(Scraped caption text data)
★ ★ ★

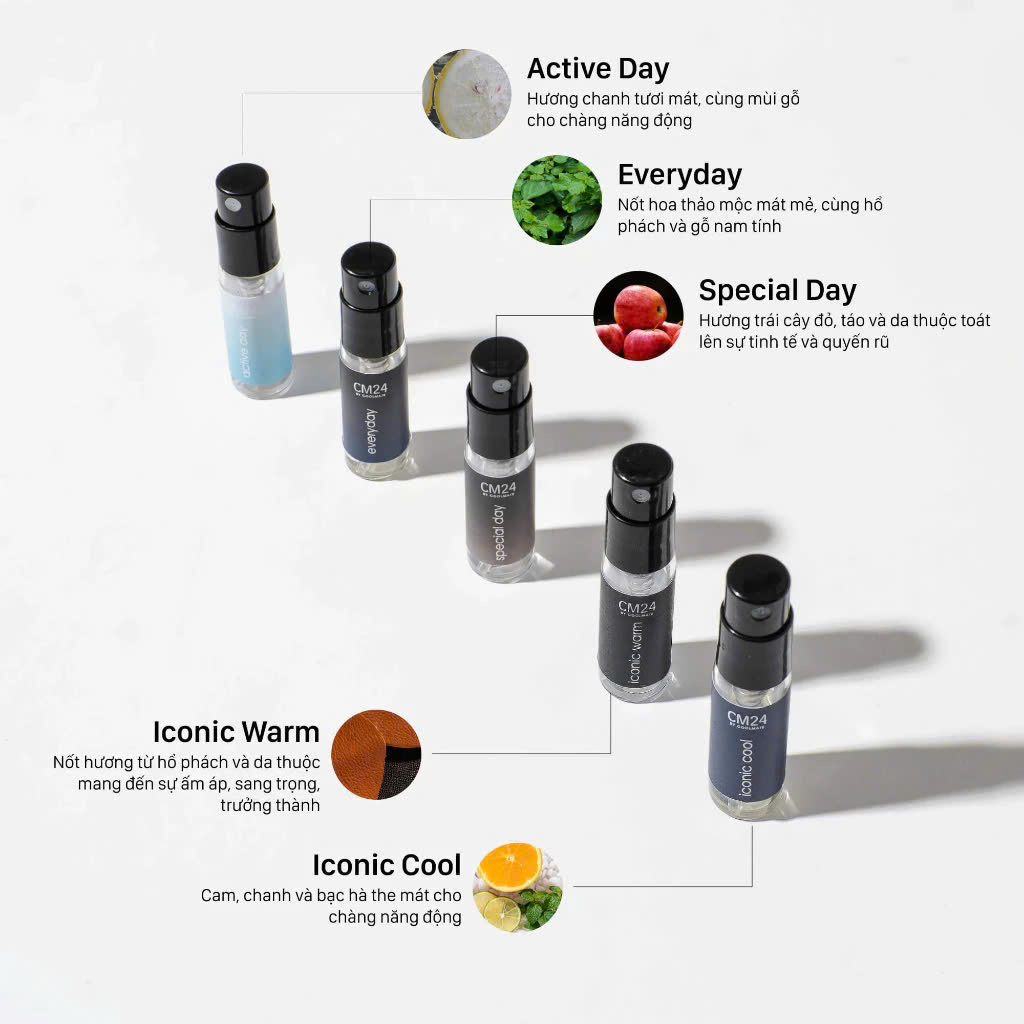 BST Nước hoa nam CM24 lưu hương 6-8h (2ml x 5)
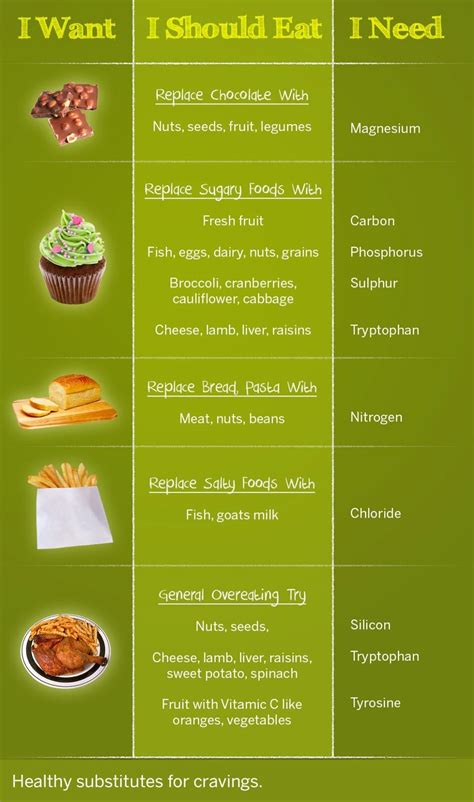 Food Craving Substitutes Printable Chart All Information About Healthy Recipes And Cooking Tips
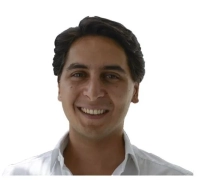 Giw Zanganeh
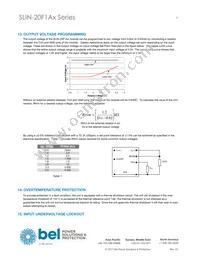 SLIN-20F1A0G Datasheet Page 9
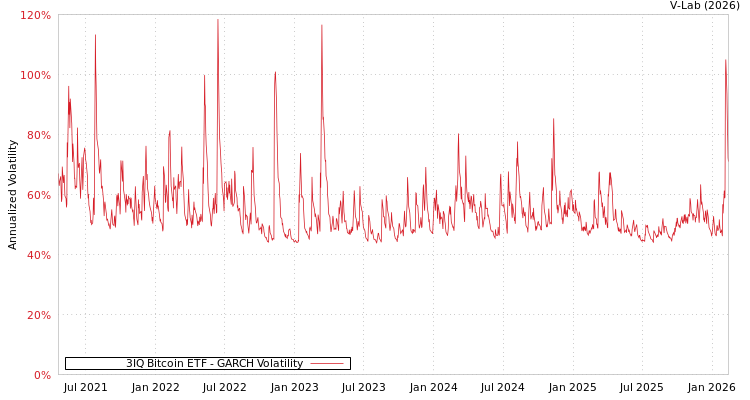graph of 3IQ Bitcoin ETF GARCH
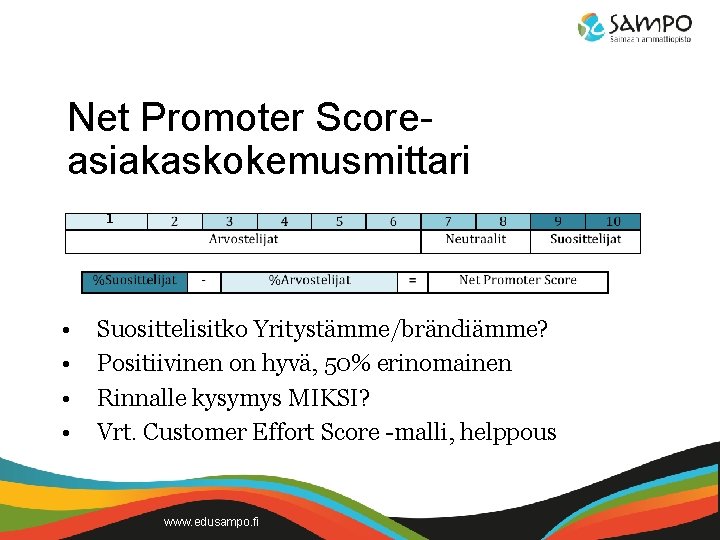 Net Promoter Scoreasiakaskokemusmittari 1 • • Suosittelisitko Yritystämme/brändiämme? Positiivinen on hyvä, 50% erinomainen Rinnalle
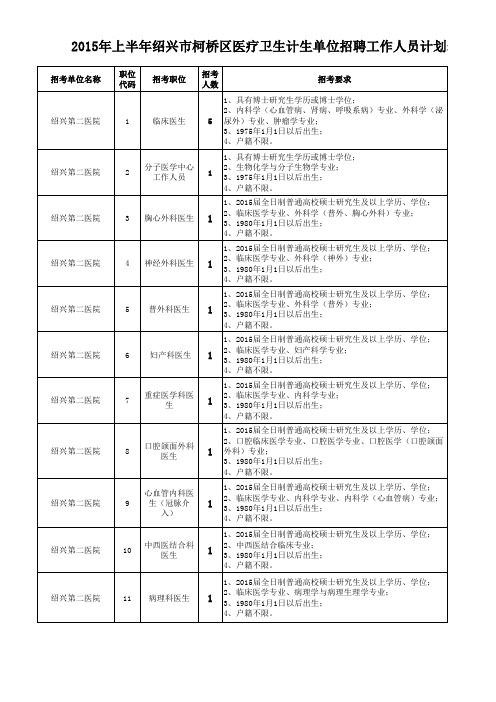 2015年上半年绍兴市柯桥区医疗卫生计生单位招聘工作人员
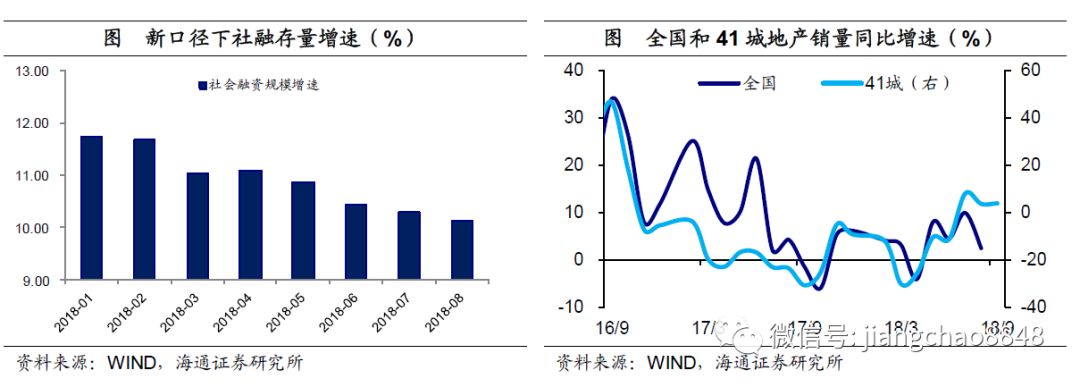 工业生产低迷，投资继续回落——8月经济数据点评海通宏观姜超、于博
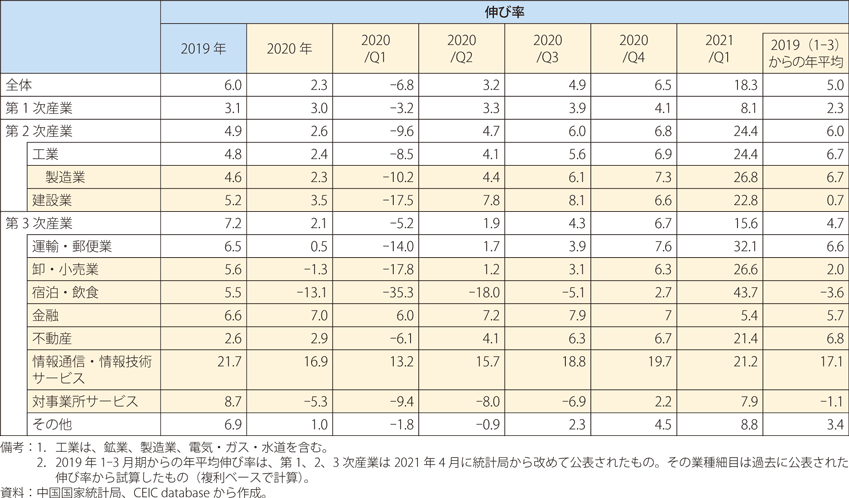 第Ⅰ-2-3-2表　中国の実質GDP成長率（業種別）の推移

★ ★ ★

WORK INSTRUCTION:
Leave every picture out and return exactly the lines from the one holding "Giw Zanganeh" through the end of the records above, both ends included, and nothing more.

OUTPUT FOR THIS EXERCISE:
 Giw Zanganeh
 SLIN-20F1A0G Datasheet Page 9
graph of 3IQ Bitcoin ETF GARCH
 Net Promoter Scoreasiakaskokemusmittari 1 • • Suosittelisitko Yritystämme/brändiämme? Positiivinen on hyvä, 50% erinomainen Rinnalle
 2015年上半年绍兴市柯桥区医疗卫生计生单位招聘工作人员
 工业生产低迷，投资继续回落——8月经济数据点评海通宏观姜超、于博
 第Ⅰ-2-3-2表　中国の実質GDP成長率（業種別）の推移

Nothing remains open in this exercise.